The pageant, held in Baghdad, was the the first to take place in over 43 years. While the pageant website explained that the organizers were hoping they would “highlight the bright side of Iraq,” they were faced with intense opposition and death threats that caused the number of competitors to drop from nearly 200 to less than 10, according to CNN. The backlash also forced the pageant organizers to remove the swimsuit portion of the competition. Despite the threats, Shaima, a 20-year-old economics student, was determined to participate in the pageant, saying she didn’t fear anything because she wasn’t doing anything wrong.

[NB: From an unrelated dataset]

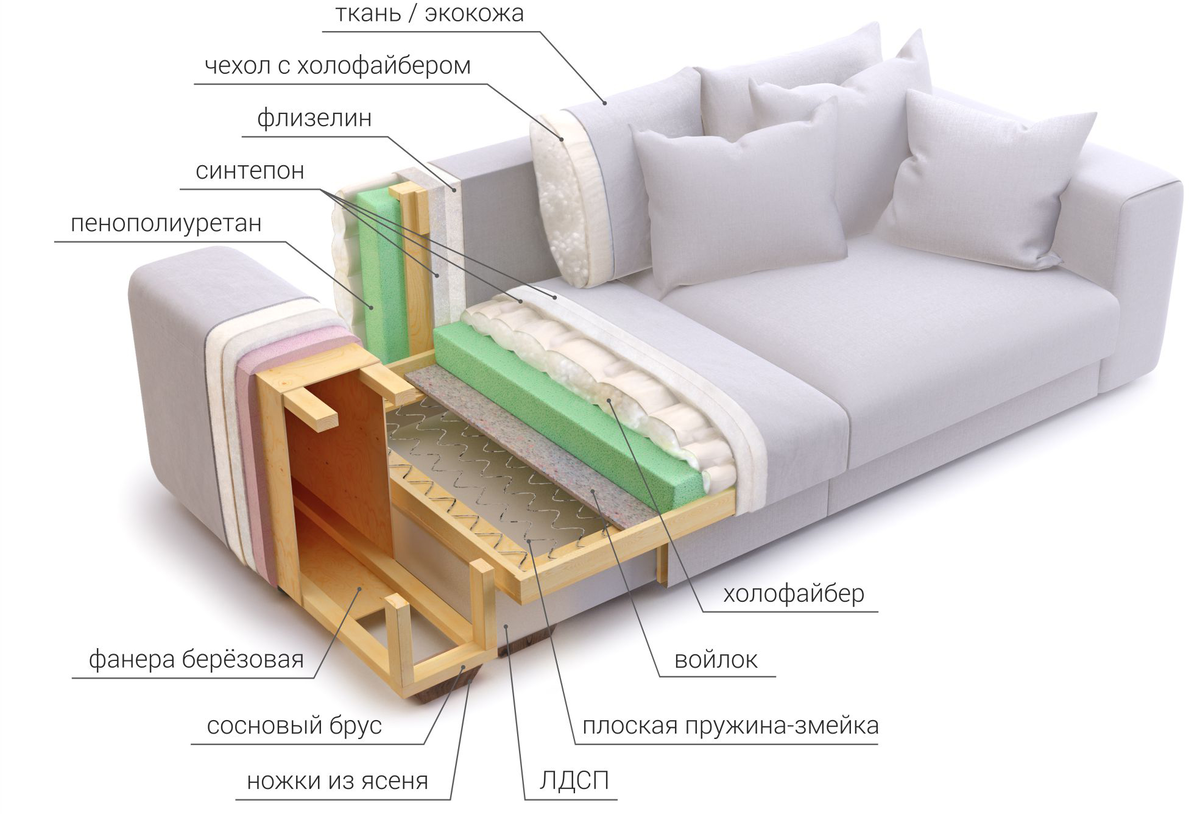 Наполнитель дивана ППУ И пружинный блок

“I want to prove that the Iraqi woman has her own existence in society, she has her rights like men,” Abdulrahman told NBC News. “I am afraid of nothing, because I am confident that what I am doing is not wrong.”

Abdulrahman, who is from the northern city of Kirkuk, said that she had hoped “to reflect the culture of Iraq. She added that Saturday’s competition was “not about beauty alone,” and was definitely not just a “fashion show.” After being crowned, she said, “I call all Iraqi girls to feel this experience.”

Ironically, Shaima’s parents had initially banned her from participating in the competition. However, after much persuasion, they agreed to let her enter the pageant, something she had always wanted to do.

“In the past I heard that such contests used to be held in Baghdad — I dreamed of being a part of one of these contests,” she said during an October interview, adding that her country and the Iraqi people were “badly in need of such cultural activities” after the turmoil they have experienced in the recent years. “After all we have been through, we need to do something new that would reform our society,” she said.

“Iraq needed this,” Ahmed Leith, the pageant director, said. “The situation is weak here, and we wanted to celebrate this the same way other countries like Lebanon and others do. To have a sense of normalcy.”

Although the pageant went on without any disturbances, Abdulrahman received a threatening telephone call on Tuesday. During the call, Shaima was told to join ISIS, or be kidnapped. According to the Jerusalem Post, she was warned to join the ranks of the Islamic State movement, or face being kidnapped. Shaima was obviously shaken by the phone call, but vowed to not let it stop her from doing what she set out to do and to “continue forward despite any obstacles.”

Currently, one-third of Iraq is controlled by ISIS. Shaima, herself, has seen the devastating loss created by the Islamic State. Two of her cousins were members of Iraq’s federal police, and were killed fighting the militants. Five of Shaima’s eight fellow contestants were forced to relocated after ISIS overran the northern city of Mosul last year.

Abdulrahman is set to compete in the Miss Universe contest, which is scheduled to be held in Thailand in March 2016.